Top of Data shown
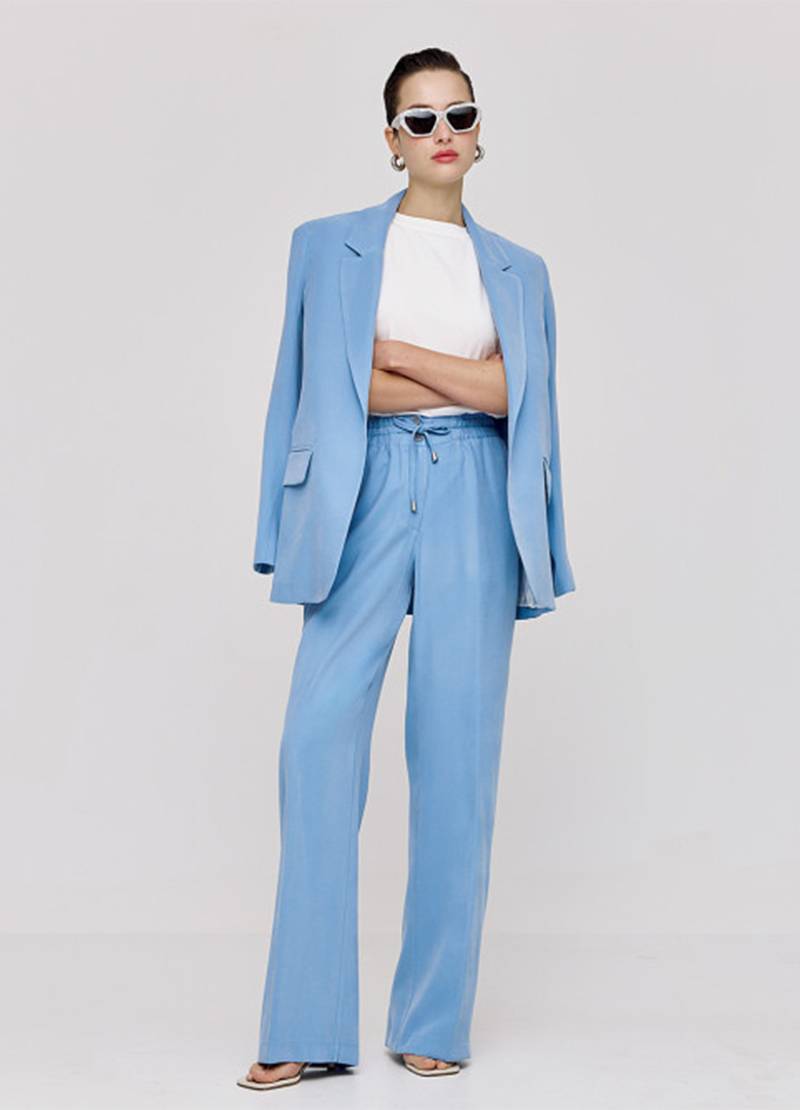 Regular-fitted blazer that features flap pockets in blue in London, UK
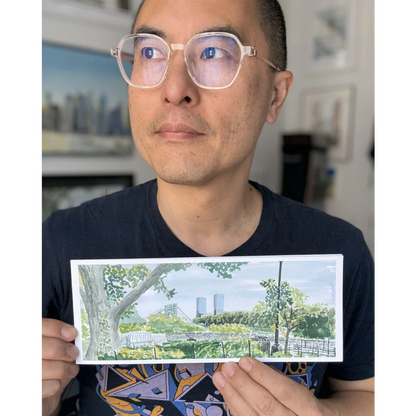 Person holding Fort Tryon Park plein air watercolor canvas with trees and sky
Bottom of Data shown
Top of Data shown
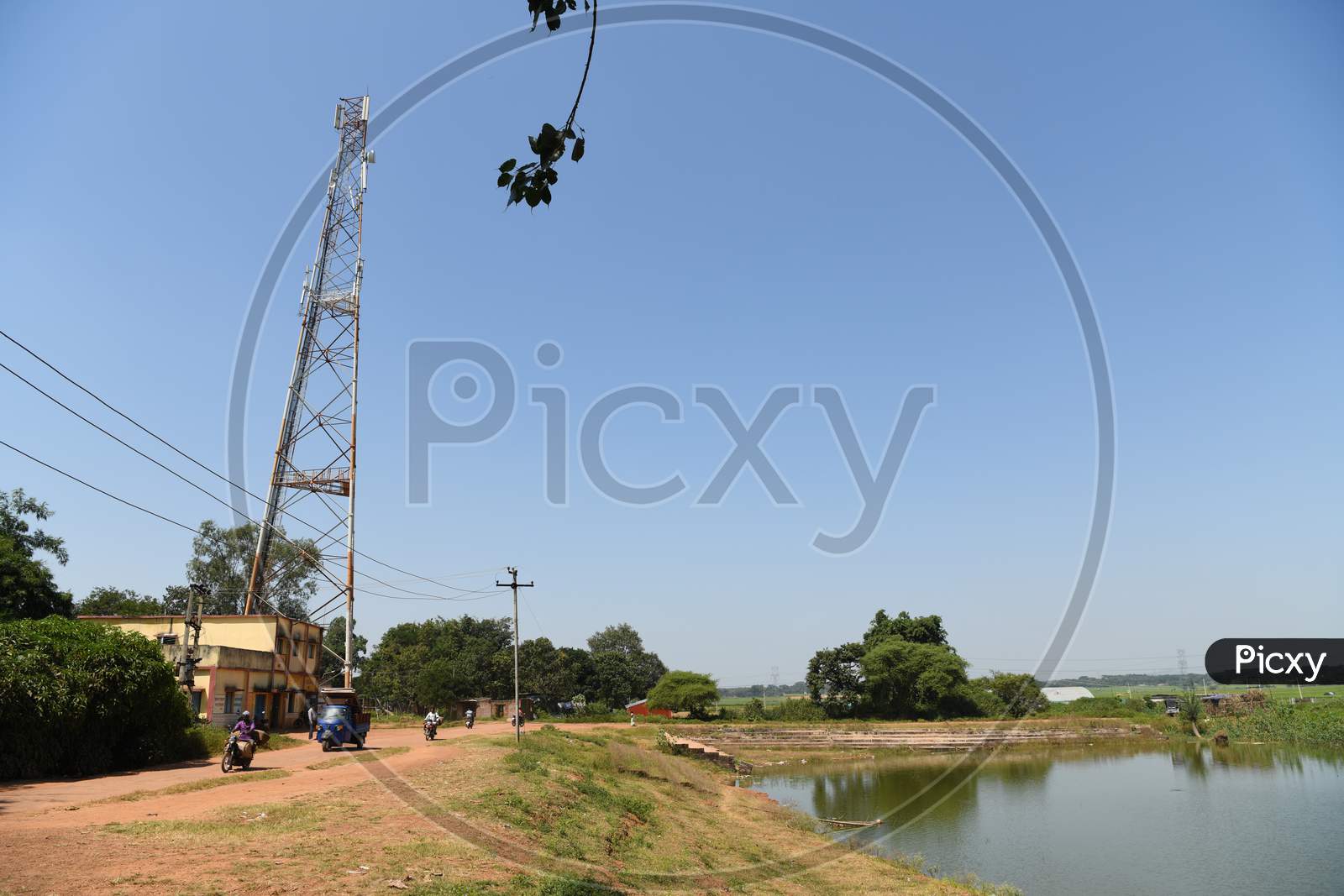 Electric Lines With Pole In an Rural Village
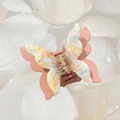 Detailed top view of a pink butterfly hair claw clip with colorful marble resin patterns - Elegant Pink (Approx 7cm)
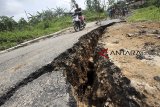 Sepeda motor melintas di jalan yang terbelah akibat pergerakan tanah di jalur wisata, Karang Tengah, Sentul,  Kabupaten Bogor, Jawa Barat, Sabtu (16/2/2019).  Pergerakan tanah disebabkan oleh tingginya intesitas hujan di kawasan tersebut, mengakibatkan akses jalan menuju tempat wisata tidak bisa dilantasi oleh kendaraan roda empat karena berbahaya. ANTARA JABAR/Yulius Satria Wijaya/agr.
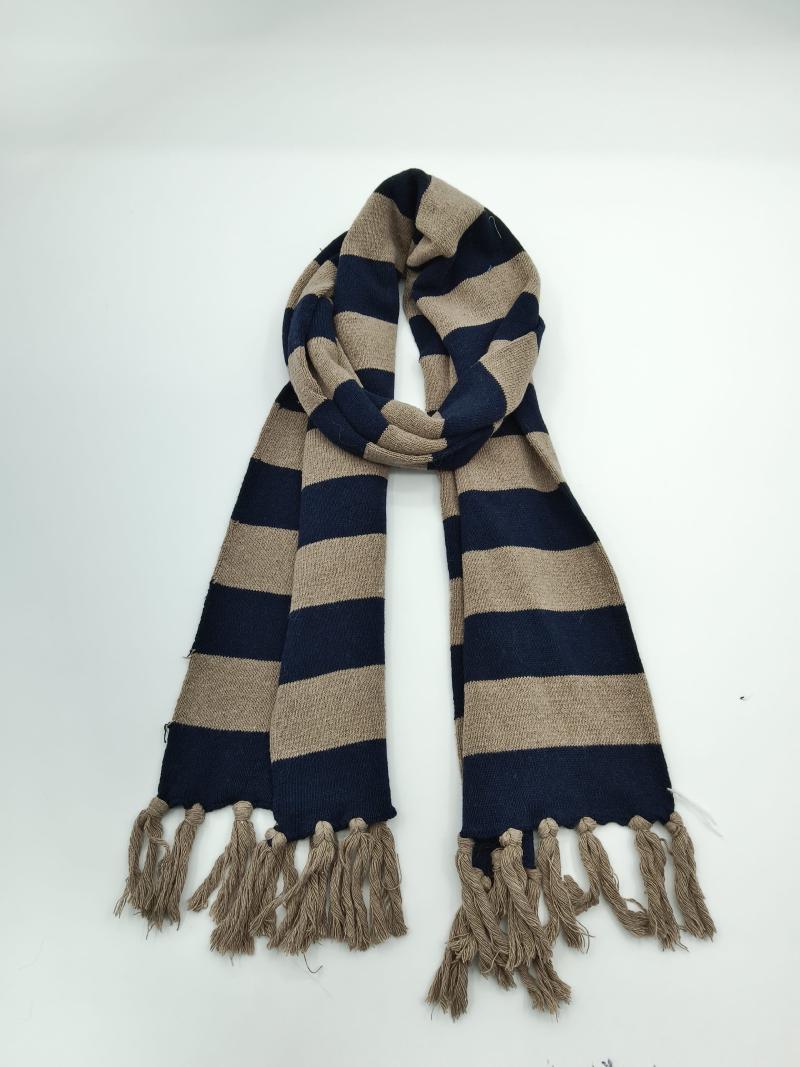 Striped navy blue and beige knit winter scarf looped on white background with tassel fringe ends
Bottom of Data shown
• [Your objective]: Beginning at the line above that contains "Detailed top view" and going on through the line that contains "Striped navy blue", please copy every line exactly, leaving the pictures out and adding nothing.

• [Written solution]:
 Detailed top view of a pink butterfly hair claw clip with colorful marble resin patterns - Elegant Pink (Approx 7cm)
 Sepeda motor melintas di jalan yang terbelah akibat pergerakan tanah di jalur wisata, Karang Tengah, Sentul,  Kabupaten Bogor, Jawa Barat, Sabtu (16/2/2019).  Pergerakan tanah disebabkan oleh tingginya intesitas hujan di kawasan tersebut, mengakibatkan akses jalan menuju tempat wisata tidak bisa dilantasi oleh kendaraan roda empat karena berbahaya. ANTARA JABAR/Yulius Satria Wijaya/agr.
 Striped navy blue and beige knit winter scarf looped on white background with tassel fringe ends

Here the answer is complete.